• _The data_:
↓

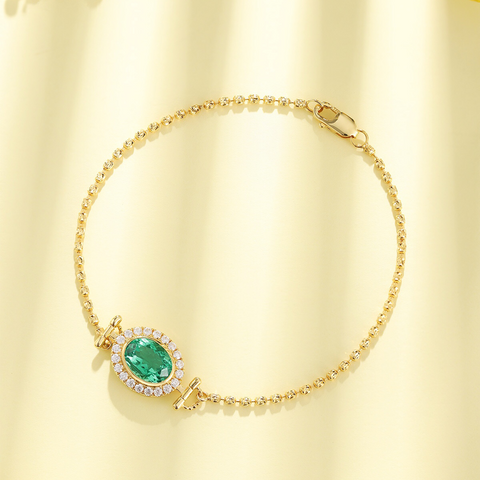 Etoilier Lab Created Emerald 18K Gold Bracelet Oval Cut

↑
↓

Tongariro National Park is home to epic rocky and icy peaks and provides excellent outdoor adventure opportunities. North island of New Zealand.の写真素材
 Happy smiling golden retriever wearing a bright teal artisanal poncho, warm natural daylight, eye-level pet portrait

↑
↓

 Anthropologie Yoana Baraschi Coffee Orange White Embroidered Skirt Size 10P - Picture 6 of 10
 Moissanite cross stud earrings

↑

• _Task to complete_:
Proceeding from the line containing "Anthropologie Yoana Baraschi" through the line containing "Moissanite cross stud earrings", transcribe the lines above exactly, both end lines included.

• _Reply to the task_:
 Anthropologie Yoana Baraschi Coffee Orange White Embroidered Skirt Size 10P - Picture 6 of 10
 Moissanite cross stud earrings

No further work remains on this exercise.